**WHAT THE TASK REQUIRES**: Repeat everything in the data exactly except images.

**GIVEN RECORDS**:
++++++++++++++++++++

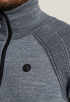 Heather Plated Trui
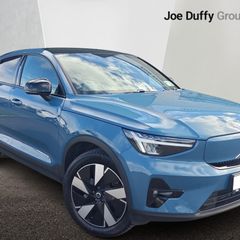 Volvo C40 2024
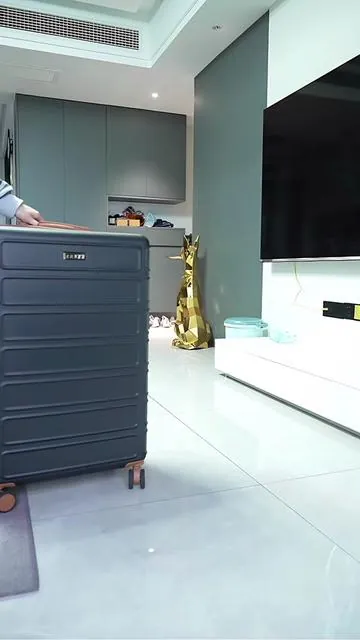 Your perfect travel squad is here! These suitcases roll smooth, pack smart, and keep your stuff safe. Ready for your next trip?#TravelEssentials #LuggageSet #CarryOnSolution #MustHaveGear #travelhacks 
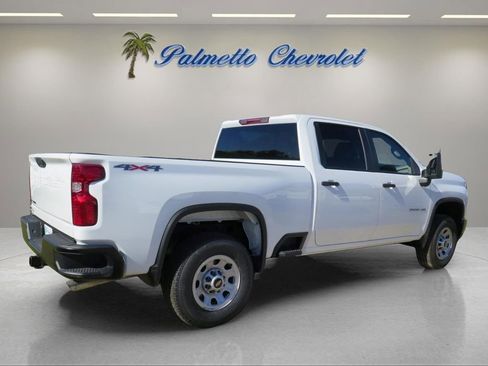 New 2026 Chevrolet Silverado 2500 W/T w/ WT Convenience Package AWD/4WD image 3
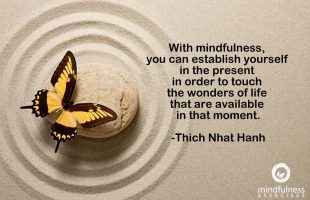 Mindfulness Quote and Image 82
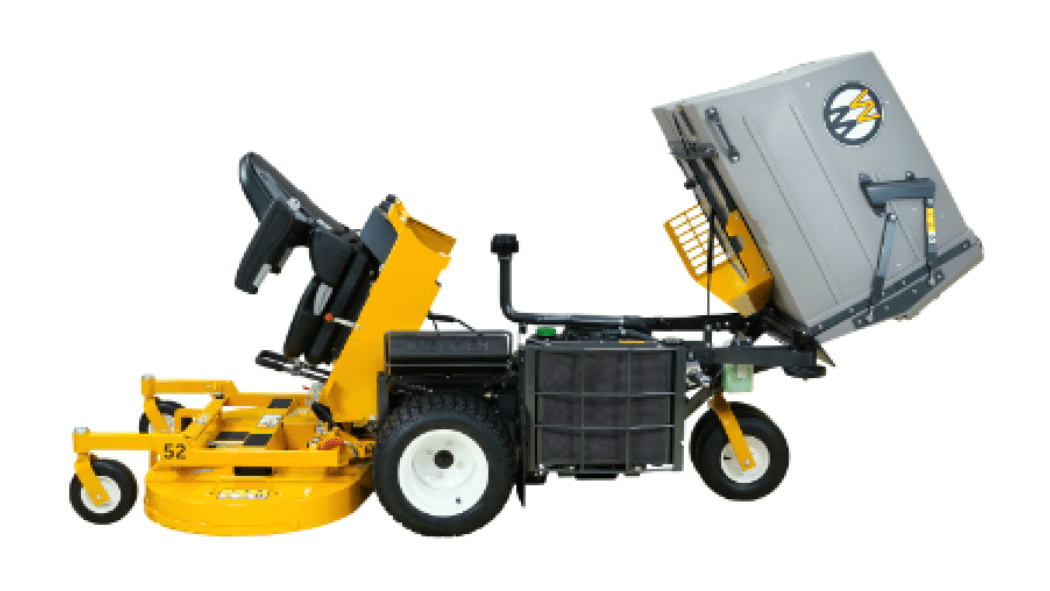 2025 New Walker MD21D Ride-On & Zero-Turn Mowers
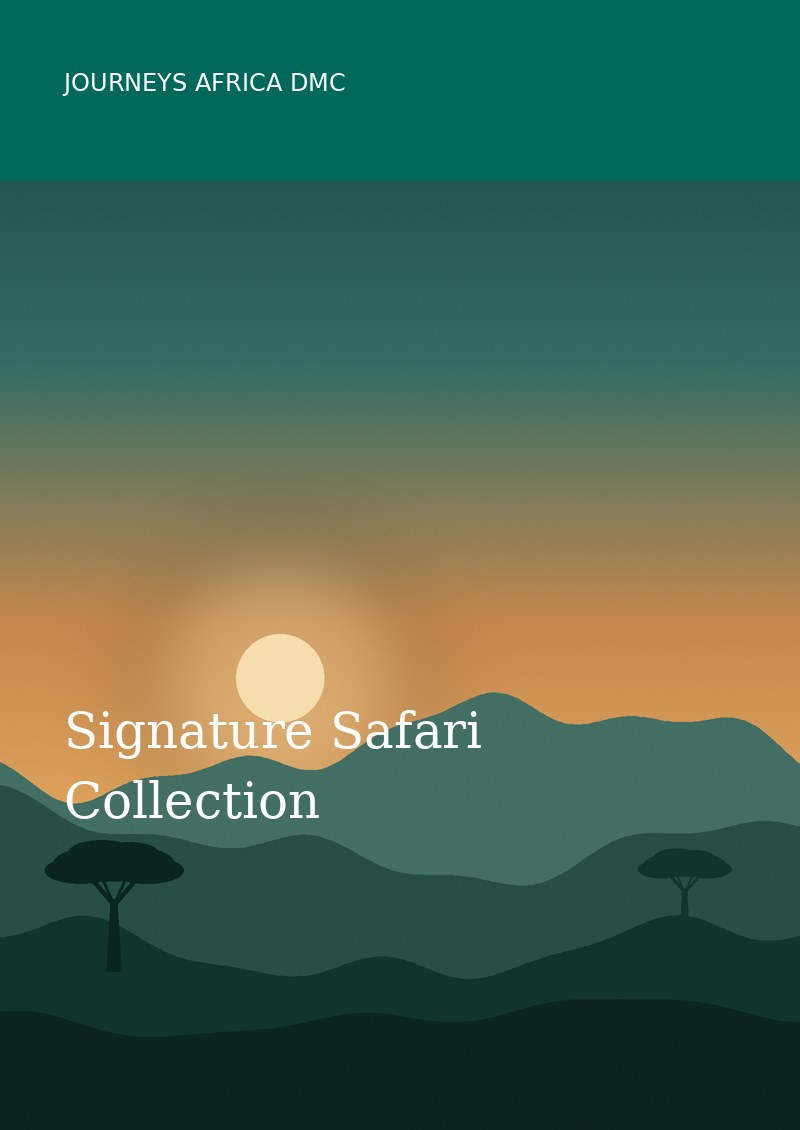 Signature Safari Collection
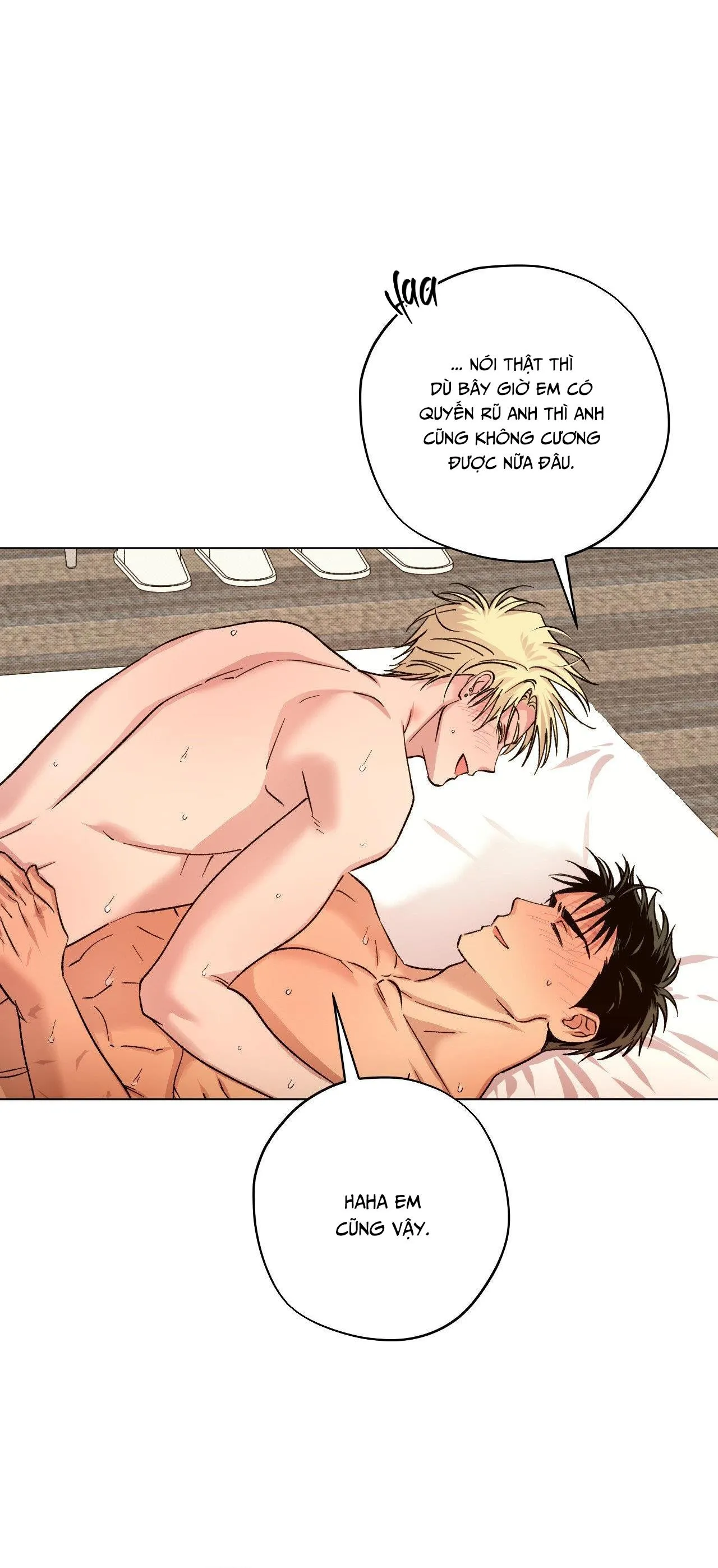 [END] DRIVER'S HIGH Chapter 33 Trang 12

++++++++++++++++++++

**RESPONSE BELOW**:
 Heather Plated Trui
 Volvo C40 2024
 Your perfect travel squad is here! These suitcases roll smooth, pack smart, and keep your stuff safe. Ready for your next trip?#TravelEssentials #LuggageSet #CarryOnSolution #MustHaveGear #travelhacks 
 New 2026 Chevrolet Silverado 2500 W/T w/ WT Convenience Package AWD/4WD image 3
 Mindfulness Quote and Image 82
 2025 New Walker MD21D Ride-On & Zero-Turn Mowers
 Signature Safari Collection
 [END] DRIVER'S HIGH Chapter 33 Trang 12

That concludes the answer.